**ASSIGNMENT:** Please report how many lines in the data below contain "wearing". Nothing besides the number should be written.

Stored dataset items

• • •

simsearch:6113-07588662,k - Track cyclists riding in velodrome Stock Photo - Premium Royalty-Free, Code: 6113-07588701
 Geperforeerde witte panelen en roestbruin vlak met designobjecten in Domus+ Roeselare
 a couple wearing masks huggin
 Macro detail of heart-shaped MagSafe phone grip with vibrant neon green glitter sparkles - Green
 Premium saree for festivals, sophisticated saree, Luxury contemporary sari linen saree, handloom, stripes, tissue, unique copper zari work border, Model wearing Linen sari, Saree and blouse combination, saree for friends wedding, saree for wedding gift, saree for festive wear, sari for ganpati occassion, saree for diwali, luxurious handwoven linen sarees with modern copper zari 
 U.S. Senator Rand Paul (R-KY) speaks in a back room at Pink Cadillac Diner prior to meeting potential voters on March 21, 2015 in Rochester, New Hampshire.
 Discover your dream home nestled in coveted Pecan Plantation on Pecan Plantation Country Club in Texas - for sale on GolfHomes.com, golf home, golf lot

• • •

**RESULT FOR THIS TASK:** 2